## Directions for this task
Each line of the material below is to be written out exactly. Leave out any picture.
*** Opening Input data ***
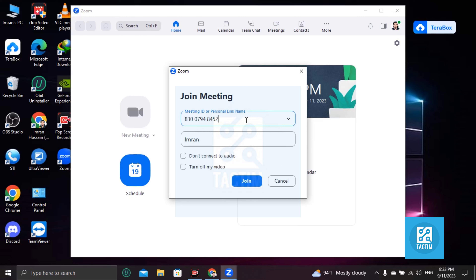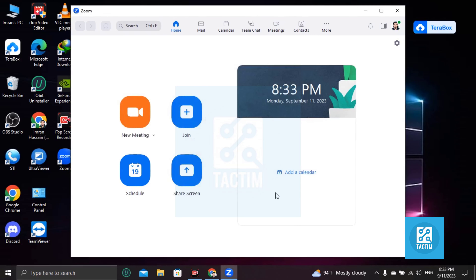So guys, this is how you can join a meeting in Zoom. If you find this very helpful then please give a thumbs up and don't forget to subscribe to the channel. Thank you so much for watching the video.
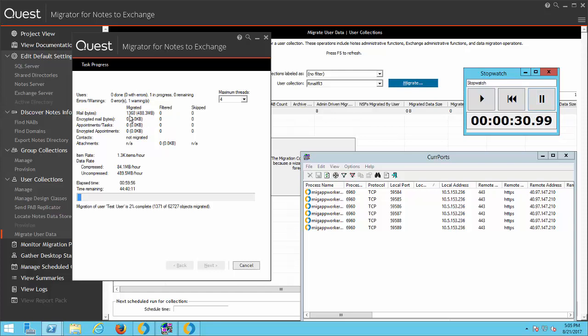Alright, the migration is currently running again and it took about 30 seconds to restart the migration. I'll go ahead and do that again.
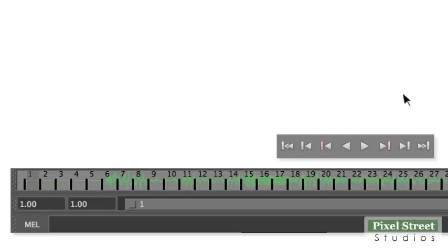Press the Play button to hear your audio. You can now create your animation to match the audio track.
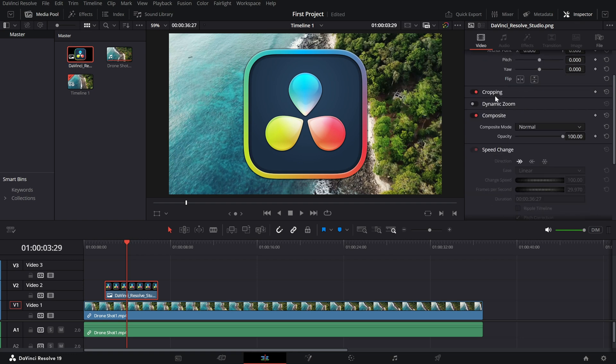In the inspector, under the video section, look for the parameter labeled opacity. By default, it's set to 100%, meaning the clip is fully visible.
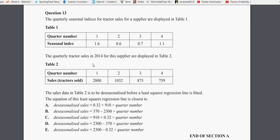Next we have the quarterly tractor sales for the year 2004 displayed in Table 2. So for the first quarter there were 2,800 tractors sold. In the second quarter 1,032 tractors sold. Third quarter 875 tractors sold. And in the fourth quarter 759 tractors sold.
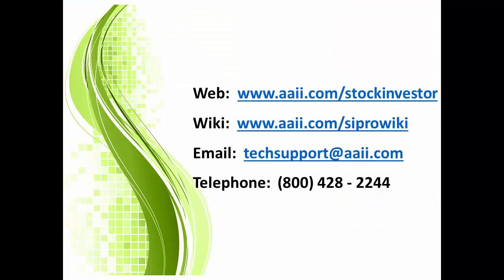This concludes this month's Stock Investor Pro video tutorial. As always, there are additional user resources at the Stock Investor Pro area of AAII.com, the Stock Investor Pro wiki, or you can also reach us via email at techsupport@AAII.com.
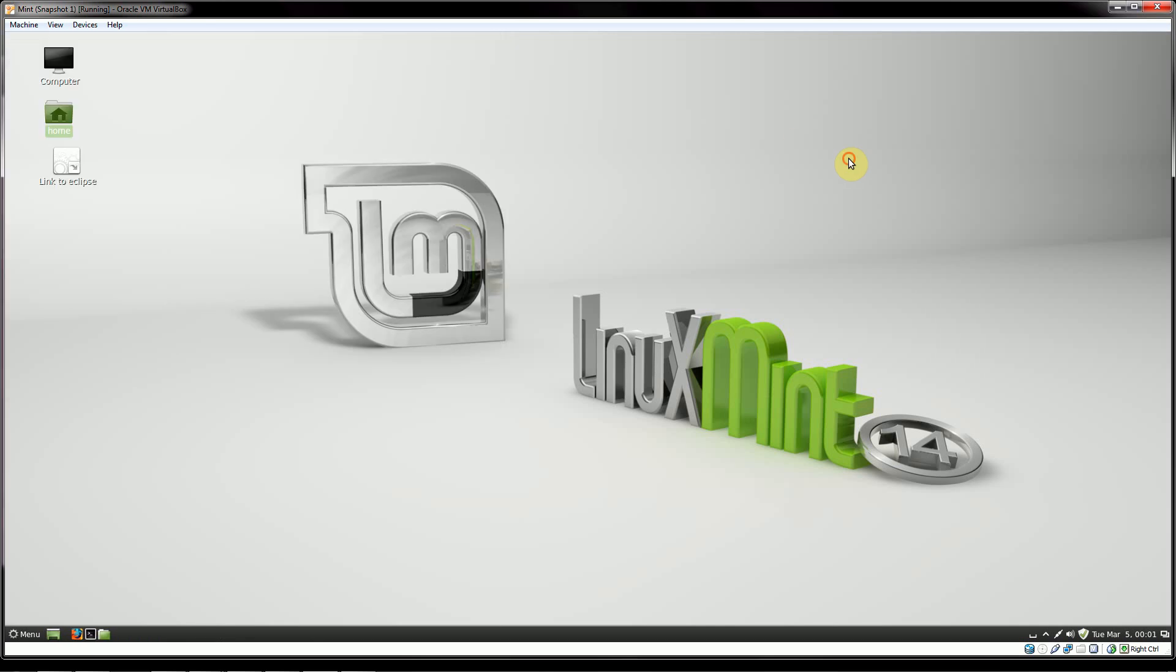Okay, so there you have it. We've installed Java onto both Windows and Linux, and we've also installed the Eclipse IDE onto both of those platforms. So in the next video, we'll start going over the introduction to Java programming. Thank you.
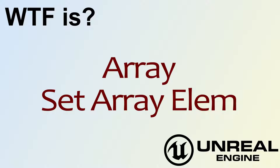Hello, welcome to the video for What is Array? The SetArrayElem or SetArrayElement node.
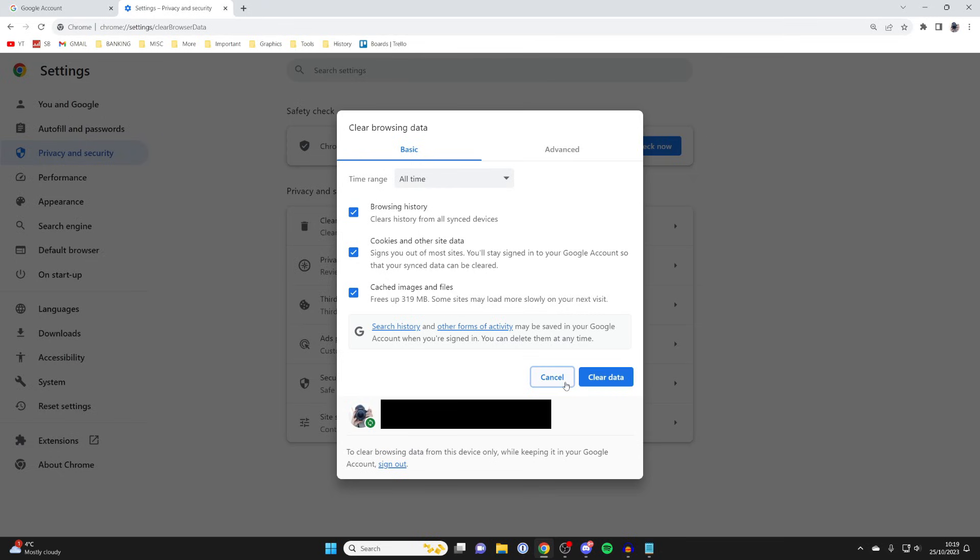Then what you can do is try closing Chrome and reopening it and then seeing if you're remaining signed in and everything is still being synced. Hopefully one of the methods in this video did work for you. If they did, please leave a like.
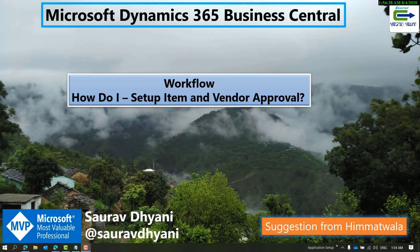Hello, hope you all are doing good. My name is Saurabh Dhani and in this video we'll discuss how to set up item and vendor approvals. This video is based on a request from one of the comments I received on my YouTube channel.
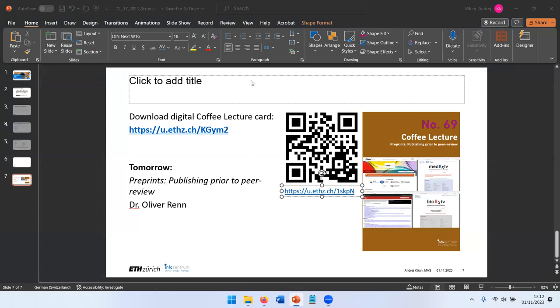So that's my presentation. Thank you for your attention. Thank you for joining. Hope to see you again tomorrow. Have a good day and bye-bye.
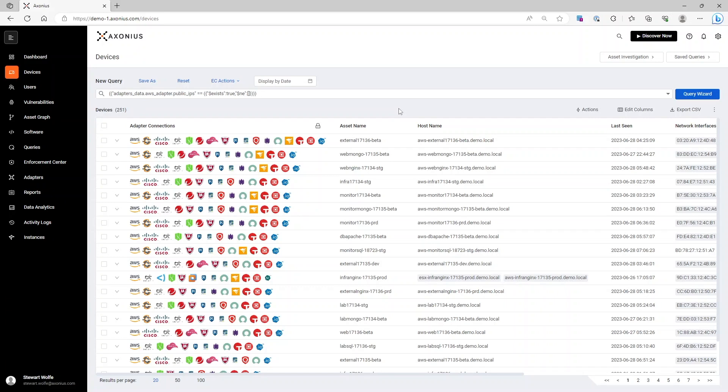We could then, for example, bring in data from vulnerability scanners such as Qualys or Tenable that may do an unauthenticated scan that show these ports that are open to public internet. We can even enrich these devices with services such as Showdown. The true power of Exonius is bringing in data from existing infrastructure and tools and then correlating it together.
*** Closing Input data ***
## Exercise response
So guys, this is how you can join a meeting in Zoom. If you find this very helpful then please give a thumbs up and don't forget to subscribe to the channel. Thank you so much for watching the video.
Alright, the migration is currently running again and it took about 30 seconds to restart the migration. I'll go ahead and do that again.
Press the Play button to hear your audio. You can now create your animation to match the audio track.
In the inspector, under the video section, look for the parameter labeled opacity. By default, it's set to 100%, meaning the clip is fully visible.
Next we have the quarterly tractor sales for the year 2004 displayed in Table 2. So for the first quarter there were 2,800 tractors sold. In the second quarter 1,032 tractors sold. Third quarter 875 tractors sold. And in the fourth quarter 759 tractors sold.
This concludes this month's Stock Investor Pro video tutorial. As always, there are additional user resources at the Stock Investor Pro area of AAII.com, the Stock Investor Pro wiki, or you can also reach us via email at techsupport@AAII.com.
Okay, so there you have it. We've installed Java onto both Windows and Linux, and we've also installed the Eclipse IDE onto both of those platforms. So in the next video, we'll start going over the introduction to Java programming. Thank you.
Hello, welcome to the video for What is Array? The SetArrayElem or SetArrayElement node.
Then what you can do is try closing Chrome and reopening it and then seeing if you're remaining signed in and everything is still being synced. Hopefully one of the methods in this video did work for you. If they did, please leave a like.
Hello, hope you all are doing good. My name is Saurabh Dhani and in this video we'll discuss how to set up item and vendor approvals. This video is based on a request from one of the comments I received on my YouTube channel.
So that's my presentation. Thank you for your attention. Thank you for joining. Hope to see you again tomorrow. Have a good day and bye-bye.
We could then, for example, bring in data from vulnerability scanners such as Qualys or Tenable that may do an unauthenticated scan that show these ports that are open to public internet. We can even enrich these devices with services such as Showdown. The true power of Exonius is bringing in data from existing infrastructure and tools and then correlating it together.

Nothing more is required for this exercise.